Mastering Workflow Automation: A Comprehensive Guide to Building Workflows with Celery

Overview

In this course, we will learn how to create workflows using celery. After completing this course, you will be able to:

Understand what is celery
Know how to pass parameters between tasks
Make the difference between sequential and parallel workflows using celery
Create advanced workflows using celery

We will use Celery version 5.5, but we will not cover installation or configuration. For instructions, please visit the documentation at https://docs.celeryq.dev/en/stable/getting-started/first-steps-with-celery.html

What is celery ?

Celery is an open-source asynchronous task queue/job queue that allows the execution of tasks in the background or at scheduled intervals. It is designed to handle real-time processing and distributed task management using message brokers.
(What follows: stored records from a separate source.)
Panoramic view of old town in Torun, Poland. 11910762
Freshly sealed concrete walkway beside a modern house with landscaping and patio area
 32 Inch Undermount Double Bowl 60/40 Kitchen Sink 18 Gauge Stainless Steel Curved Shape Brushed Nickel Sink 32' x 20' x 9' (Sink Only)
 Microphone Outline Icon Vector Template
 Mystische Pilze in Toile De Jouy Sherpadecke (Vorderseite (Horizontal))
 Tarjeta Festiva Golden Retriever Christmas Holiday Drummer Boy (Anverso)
The main components of celery are:

Client application (Producer): The component that sends messages to the message broker (using apply_async, delay or send_task functions)
Message Broker: Intermediary queue system between client and worker, Ex: RabbitMQ, Redis...
Worker: The process that listens to the message broker for incoming tasks. Can be distributed across multiple machines, and they can run concurrenly allowing for parallel task execution
Result Backend: A storage system where the result of task are stored, this component is optional. Ex: RabbitMQ, Redis...

Celery use cases

Celery is a versatile task executor, allowing tasks to be written in straightforward Python code. From its use cases, we can identify various applications such as:

Asynchronous task executions
Web scrapping
Data Processing Pipelines

Implement workflows with Celery

In this section, we will discover how to share data between tasks in celery, how to use celery chain to create sequential workflows, and how to use chain and group to build Direct Acyclic Graph workflows.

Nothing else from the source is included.